Go back 50 years. If someone suggested that the candidates of a major American party for the highest offices in the land would be a bi-racial African-American and a Roman Catholic, the person’s sanity would have been questioned. Forecast that they would win and the questions would have been replaced by a certainty. 

Yet that is what has happened, an event that gives insight into the evolving U.S. and foresight into implications for the future. 

It might be said that too much should not be read into the election results. A shift in national leadership might have been preordained by a disastrous presidency, unpopular and seemingly endless wars, widening income disparities, financial catastrophe, economic weakness, international disrepute and gross disconnects between principles and actions.   

Clearly, all this undoubtedly advantaged Barack Obama. But do they explain such signal successes as receiving $150 million in voluntary contributions in a single month? (During the entire multi-month election period, no one was allowed to give more than a total of $2,300.) Or receiving 3 million separate donations from Internet solicitations? Or 100,000 people peaceably gathering and dispersing to hear a single campaign speech? Or not only receiving a majority of all votes but also getting a higher percentage of  the votes of whites than either of the two preceding Democratic candidates? I think not, particularly in view of the campaign against him. 

The opposition campaign tried to build on some of the worst sentiments in American society. It tried to appeal to racism, xenophobia, anti-intellectualism, religious bias, geographic and urban-rural differences. It tried to equate policy disagreements with lack of patriotism. It besmirched the morality of those who differ on social issues. And it failed. 

Implication: The old fears and ways no longer persuade. Dogmatic domestic and international ideological imperialism was defeated. Will the new administration and the country always live up to all their ambitions? Probably not. Imperfection is a human trait. But the election gives notice that aims, purposes, approaches and techniques are all likely to be markedly different. 

For the rest of the world, there are two important implications. First, just as the U.S. has re-cast itself, others need to re-cast their perceptions of the country and its view of its role in the world. The old assumptions and presumptions should, at least, be examined.
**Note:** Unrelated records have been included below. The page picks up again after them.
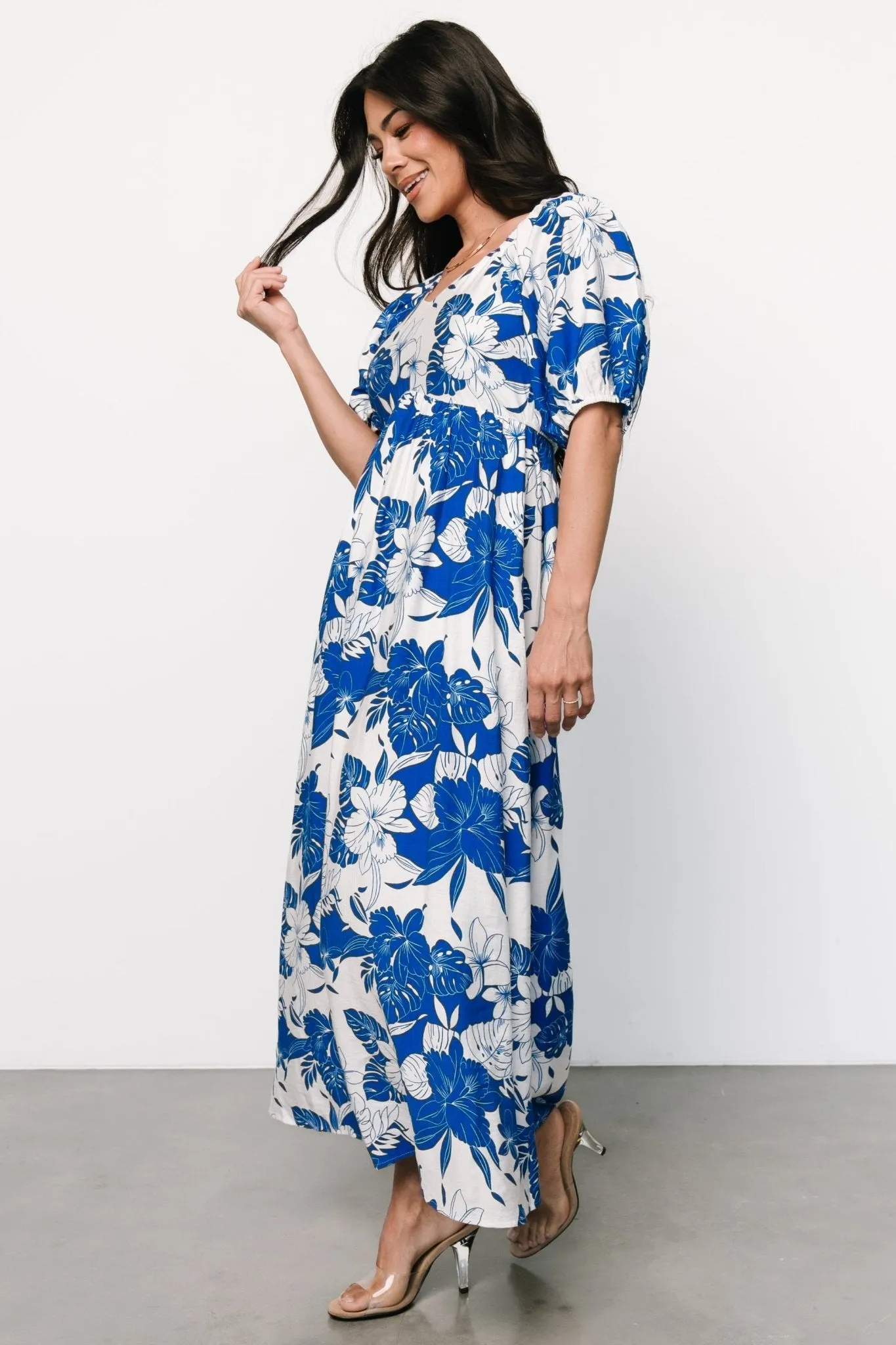 Leela Maxi Dress | Cobalt + Off White sold by Baltic Born product image thumbnail 5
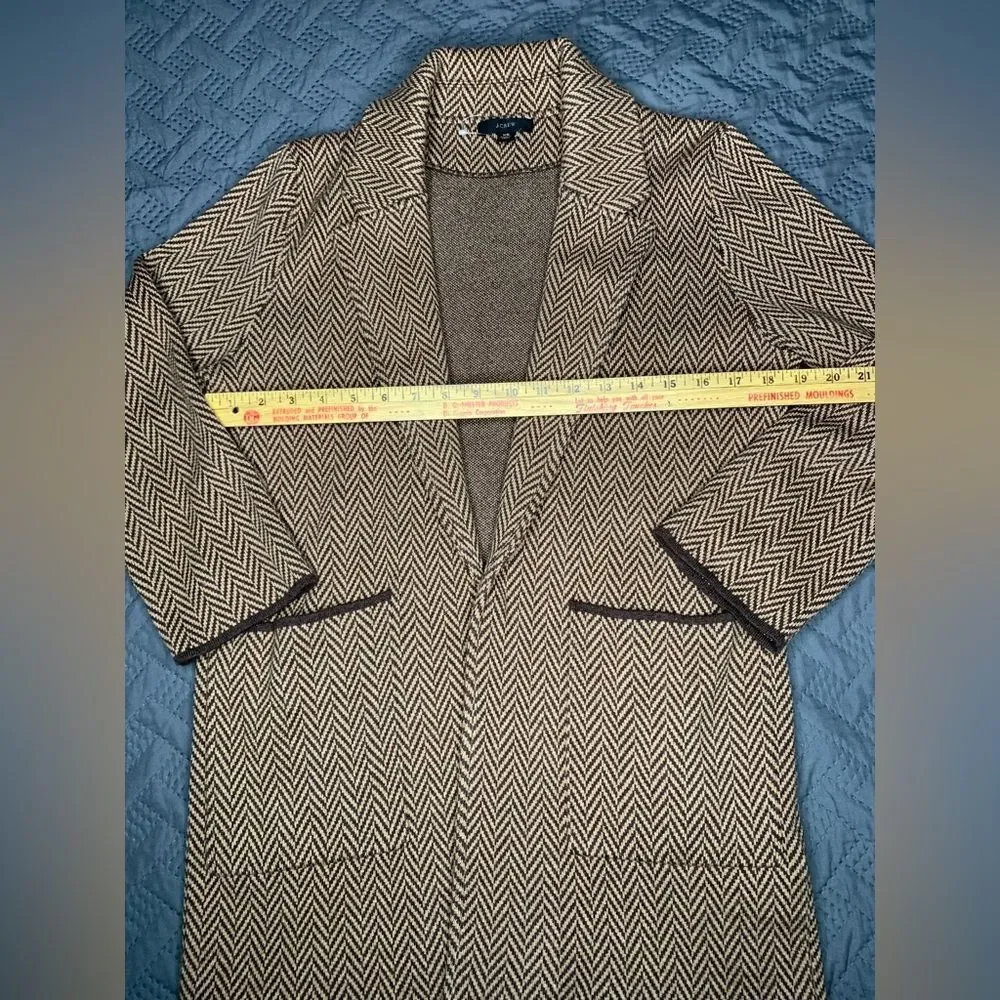 J. Crew Herringbone Blazer in Brown and Cream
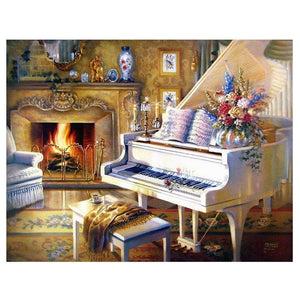 Painting By Diamond Kit Square Piano In Living Room 3D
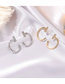 Fashion Kc Gold C-shaped Nail Micro-inlaid Zircon Letter Geometric Earrings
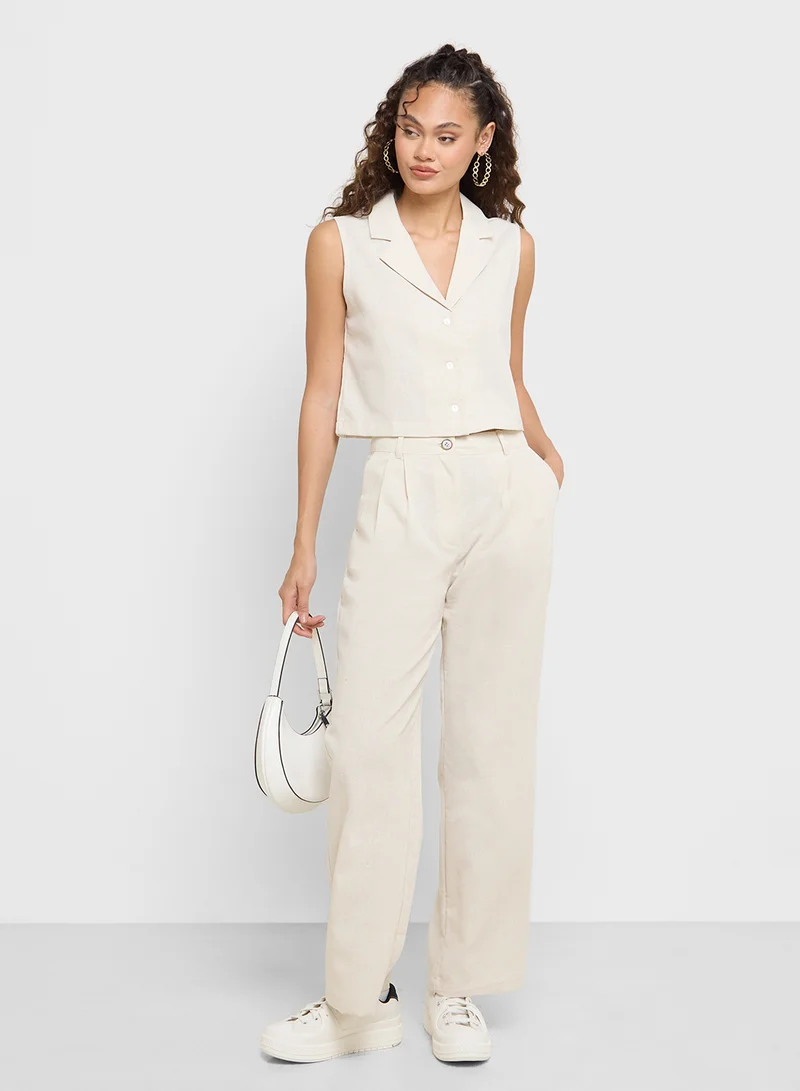 Ginger Linen Waistcoat Vest & Straight Fit Pants Co-ord Set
For some of them, modification or revision may well be necessary. Others need to be ready to change because the U.S. has changed. 

Secondly, if the outcome in the U.S. is a harbinger of changing attitudes elsewhere, appeals to nasty attitudes towards others are losing their persuasiveness. Emphasizing differences of race, religion, nationality, gender, way of life may no longer be building blocks to social and political power. Inclusiveness rather than exclusiveness may be the effective route. 

In 50 years the U.S. has transformed its fundamental attitudes and behaviors toward its fellow citizens.  Something worth emulating?